The power of ‘best bets’

The other day I read Greg Ashman’s post Why Education is like smoking which talked about the way teachers often generalise from anecdotes in the same way that when smokers are confronted with statistics about the health risks of smoking they might say things like, “Well, my nan smoked 400 cigarettes a day! She may have had bright yellow fingers but she lived to the ripe old age of 130!” Or whatever.

Teachers do this sort of thing all the time. We say things like, “Well, the research may say x, but I find y works so much better for me!” Maybe it does, maybe it doesn’t but ignoring probability is a poor way to make decisions. As I explained here, relying on individual teachers’ intuitions is rarely a good indication of what will be most effective. Of course, no one can say with any certainty what will be the most effective approach to take on Monday period 2 with Philip in 9b. The physicist Wolfgang Pauli put it like this: “Like an ultimate fact without any cause, the individual outcome of a measurement is, however, in general not comprehended by laws. This must necessarily be the case.” But this doesn’t mean that we can’t say what is more or less likely to effective with a majority of children in a range of circumstances.

Then I read Gary Davis’s blog on why giving teachers access to education research could have unforeseen negative consequences. He argues that teachers, like most other human beings, are poorly equipped to understand probability. He gave this example of where we often go wrong:

The average heights of adult men and women in the UK are 5 ft 10 in. and 5 ft 4 in, respectively. A scientist picks a random sample of either men or women from the population. Which of these two options is more likely to be a sample of men?

Sample A consisting of a single person whose height is 5 ft 10 in. or

Sample B consisting of 6 people whose average height is 5 ft 8 in.

If you were tempted to pick Sample A then you’d be in the majority. You’d also be wrong. Probability is counterintuitive and its prediction don’t work at the level of individuals. Predictions and generalisations only really work when applied to large samples. The general rule of thumb is, the large the sample the more likely it is to accurately representative the mean. In the case of height, if we have enough men, although an individual could range anywhere from 21 ½ inches to 8′ 3”, their average height will be 5’10”.

What are the consequences of this sort of mistake in education? Let’s imagine we have a class of 30 4-5 year olds. We need to teach them to read and we can choose from 2 different methods. Your colleague in the next door classroom is a licensed Method 1 trainer and tells you that research shows Method 1 has an 80% success rate. She also shows you some negative press about Method 2 which indicates that it could result in up an average of 3 children in every school failing to learn to read.  It’s an easy choice.

Now, let’s say every one in your class learns to read using Method 1 and you conclude it’s a winner. What’s your experience worth? If some snarky Method 2 proponent points out that their preferred method has the better probability of resulting in fluent readers, what will you say? Will you be convinced if they whip out their calculator and show you both probabilities as percentages? Or will your intuition and go with the evidence of your own experience and what ‘feels right’? Most of us like easy answers and we tend to ignore anything too complicated sounding and go with our guts. Even if, on average, we’re wrong more than we’re right.
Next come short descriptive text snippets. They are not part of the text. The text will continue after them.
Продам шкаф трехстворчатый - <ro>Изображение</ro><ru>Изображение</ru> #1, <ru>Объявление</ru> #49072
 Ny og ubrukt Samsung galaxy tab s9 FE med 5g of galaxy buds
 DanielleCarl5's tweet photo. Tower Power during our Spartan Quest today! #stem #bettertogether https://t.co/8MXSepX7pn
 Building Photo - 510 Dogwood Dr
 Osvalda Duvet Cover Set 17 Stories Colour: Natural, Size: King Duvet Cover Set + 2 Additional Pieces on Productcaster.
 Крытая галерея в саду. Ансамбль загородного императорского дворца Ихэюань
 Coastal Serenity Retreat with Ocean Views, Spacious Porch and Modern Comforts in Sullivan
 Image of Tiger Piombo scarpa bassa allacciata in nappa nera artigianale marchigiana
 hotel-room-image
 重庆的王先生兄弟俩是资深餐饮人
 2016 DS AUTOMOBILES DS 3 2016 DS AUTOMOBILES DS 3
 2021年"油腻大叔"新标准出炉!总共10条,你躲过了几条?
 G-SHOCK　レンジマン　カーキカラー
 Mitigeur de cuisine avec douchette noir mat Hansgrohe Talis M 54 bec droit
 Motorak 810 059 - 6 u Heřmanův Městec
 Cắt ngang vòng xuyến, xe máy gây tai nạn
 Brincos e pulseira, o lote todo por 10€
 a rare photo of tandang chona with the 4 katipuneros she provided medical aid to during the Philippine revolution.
Our best bet would be to go with ‘best bets’, but it’s really hard to accurately compare different studies. Tables of effect sizes can seem compelling but they conceal as much as they reveal. We could see what the best bets look like by comparing the bell curves produced by collating evidence on competing interventions. The trouble is, these are almost impossible to find unless you have the wherewithal; to create your own. This is something I have suggested the EEF ought to make available. As of yet, they haven’t.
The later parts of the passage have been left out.